Owen Luder, the 'commercially astute Brutalist' architect, passes away at 93

STIR pays tribute to Owen Luder CBE (1928-2021), one of the key figures in the post war modernist movement, known for his flamboyant yet long elusive, British brutalist buildings.

by Zohra KhanPublished on : Oct 13, 2021

Late British architect Harold Owen Luder CBE could arguably fit in the category of the most 'brutal' of UK's brutalist architects. Luder - the driving force behind the now demolished Tricorn Centre in Portsmouth and the Trinity Square car park in Gateshead - passed away at the age of 93 on October 08, 2021. He served as the chairman of the Architects Registration Board and was twice the president of the Royal Institute of British Architects, from 1981 to 1983 and 1995 to 1997.

16 Grand Avenue, Hove.
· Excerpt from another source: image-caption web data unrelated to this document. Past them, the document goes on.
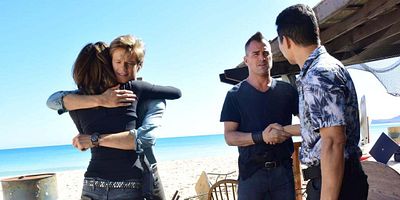 poster de la série Tremblement de terre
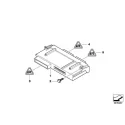 Genuine BMW Junction Box electronics 3 (61359231468)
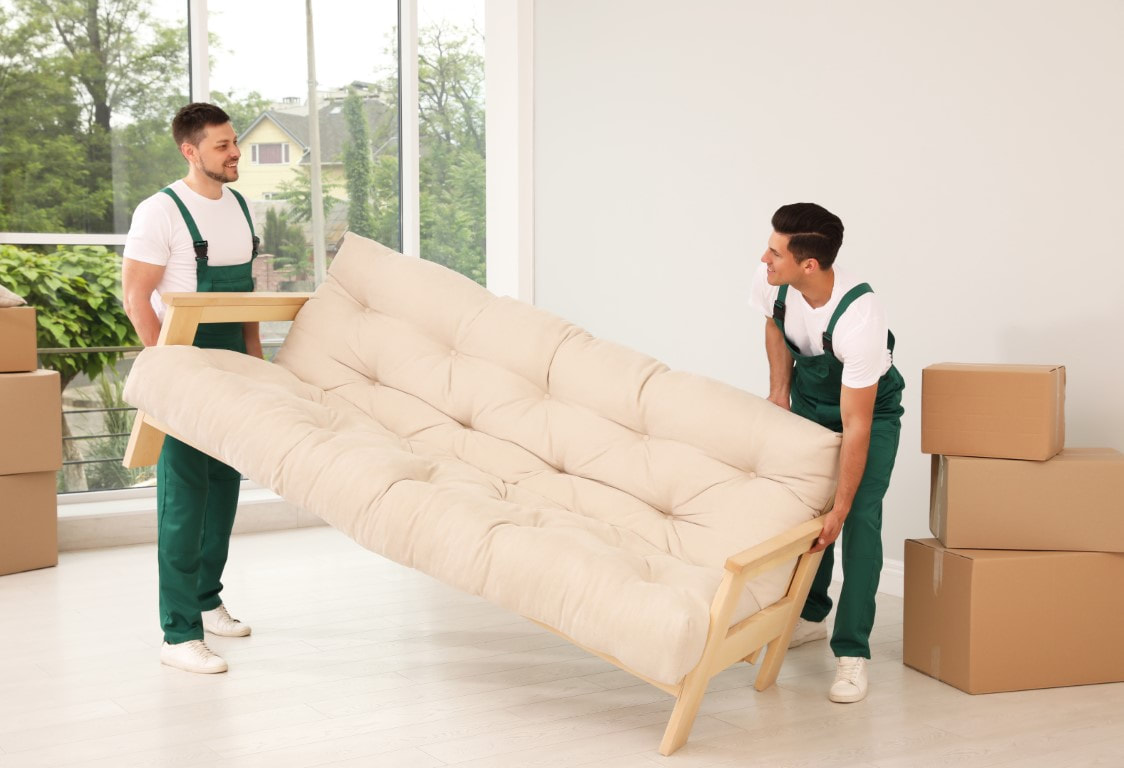 moving and storage services
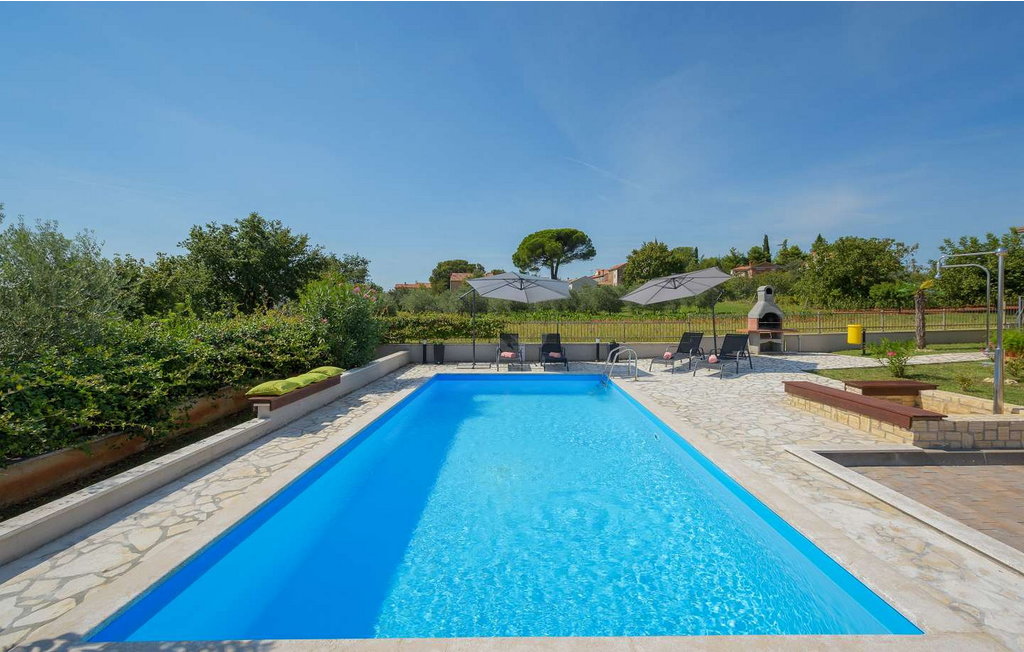 Ferienhaus - Visnjan-Kastelir-Labinci , Kroatien - CLT192 11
Designed by the Owen Luder Partnership in 1965| Owen Luder | UK | STIRworld
16 Grand Avenue, Hove. Designed by the Owen Luder Partnership in 1965 Image: Courtesy of Wikimedia Commons

As someone who faced appreciation and criticism in nearly equal measure throughout his career, Luder’s post war modernist and brutalist works from the 1960s and 1970s – some of which have long since been demolished and others anticipate a similar fate – have previously been cited as structures that were too advanced for their time. Concrete forms stripped of any cladding, his masterpieces combined stark brutal lines and soft sensual curves, and featured zigzagging staircases, horizontal layers, and orthogonal towers.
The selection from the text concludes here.